BJAK is looking for an MLOps Engineer focused on building and scaling impactful AI solutions. In this role, you will run and optimize state-of-the-art open-source models, ensuring they are safe, trustworthy, and performant at scale. You will collaborate closely with cross-functional teams across product, engineering, operations, infrastructure, and data.
What You'll Do
- Run and manage open-source models efficiently, optimizing for cost and reliability.
- Ensure high performance and stability across GPU, CPU, and memory resources.
- Monitor and troubleshoot model inference to maintain low latency and high throughput.
- Collaborate with engineers to implement scalable and reliable model serving solutions.
What We're Looking For
- Experience with model serving platforms such as vLLM or HuggingFace TGI.
- Proficiency in GPU orchestration using tools like Kubernetes, Ray, Modal, RunPod, or LambdaLabs.
- Ability to monitor latency, costs, and scale systems efficiently with traffic demands.
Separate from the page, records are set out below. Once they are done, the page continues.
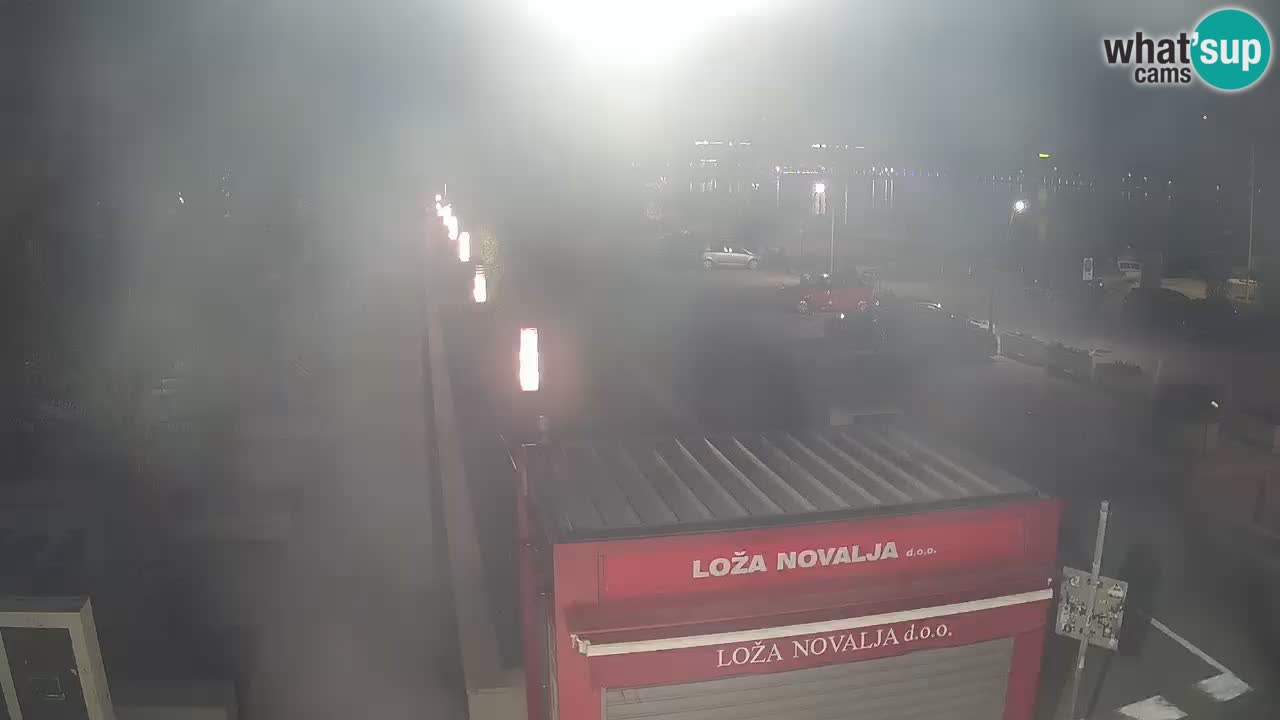 Camera en diecto Novalja – Obala Petra Krešimira IV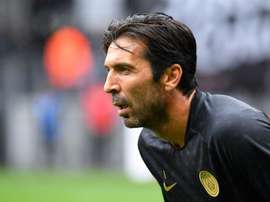 Le gardien de but du Paris-SG Gianluigi Buffon. AFP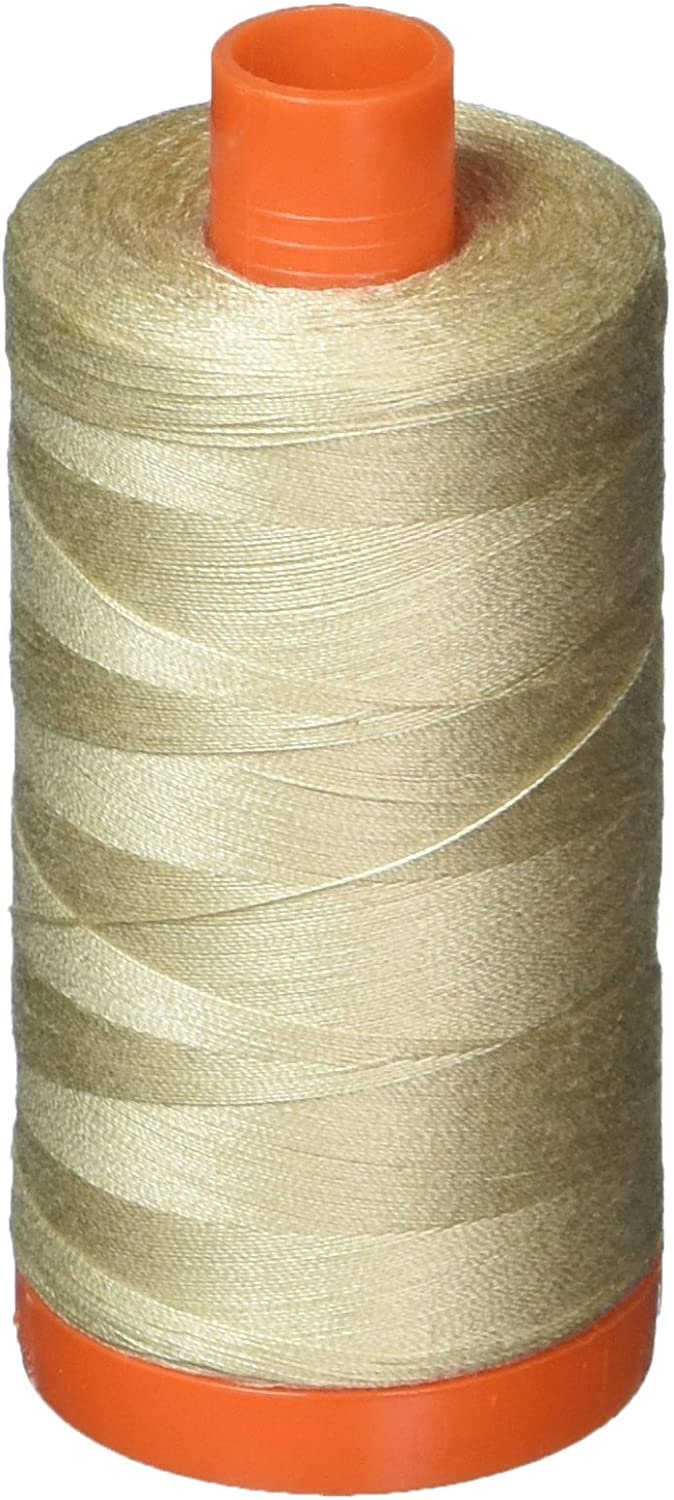 Aurifil 50Wt 100% Mako Cotton Thread Ermine image 0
- Experience setting up inference endpoints for backend engineers.
Technical Stack
- vLLM, HuggingFace TGI
- Kubernetes, Ray, Modal, RunPod, LambdaLabs
Team & Environment
You will work in a flat structure, collaborating closely with regional teams across product, engineering, operations, infrastructure, and data.
Benefits & Compensation
- Health, dental & vision insurance.
- Global travel insurance (for you & your dependents).
- Unlimited, flexible time off.
- Housing rental subsidies.
- Quality company cafeteria.
- Overtime meals.
Work Mode
This is a hybrid role. It is a global position, with the company headquarters located in Malaysia.
BJAK values speed, clarity, and relentless ownership. Our high-density, high-performance team is focused on high-quality work and global impact.